§ **Required work**: Return every entry below exactly as written, minus the pictures.

§ **Materials provided**:
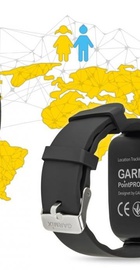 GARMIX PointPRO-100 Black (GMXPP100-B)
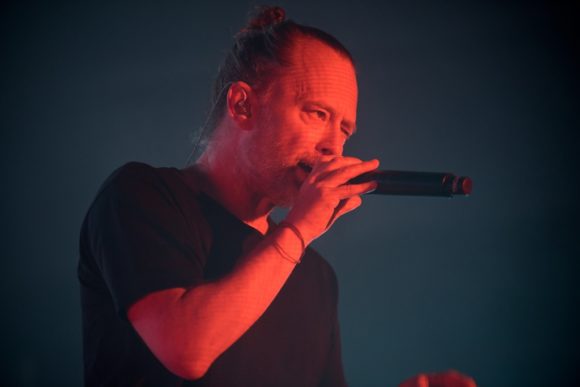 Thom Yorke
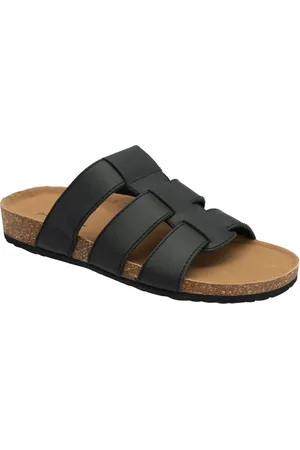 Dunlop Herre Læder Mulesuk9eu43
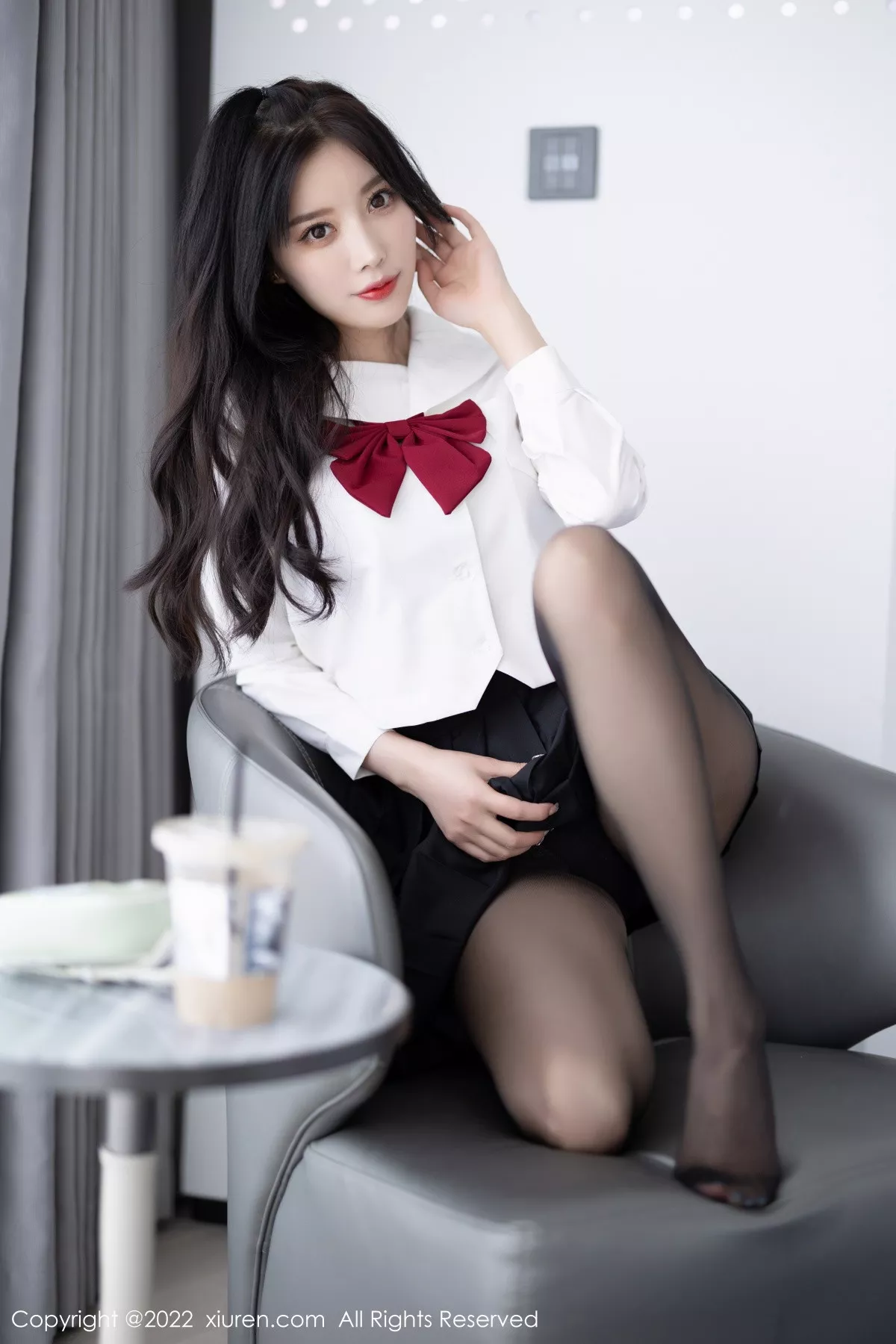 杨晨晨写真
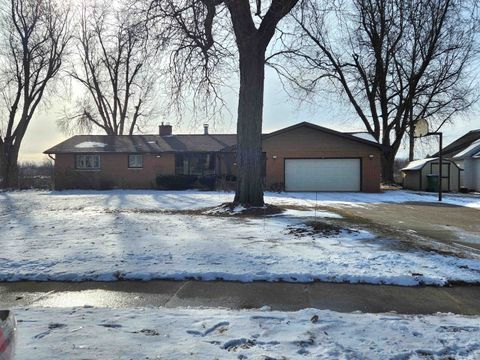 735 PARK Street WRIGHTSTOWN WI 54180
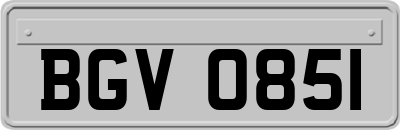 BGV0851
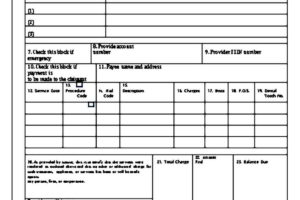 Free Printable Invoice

§ **The answer**:
 GARMIX PointPRO-100 Black (GMXPP100-B)
 Thom Yorke
 Dunlop Herre Læder Mulesuk9eu43
 杨晨晨写真
 735 PARK Street WRIGHTSTOWN WI 54180
 BGV0851
 Free Printable Invoice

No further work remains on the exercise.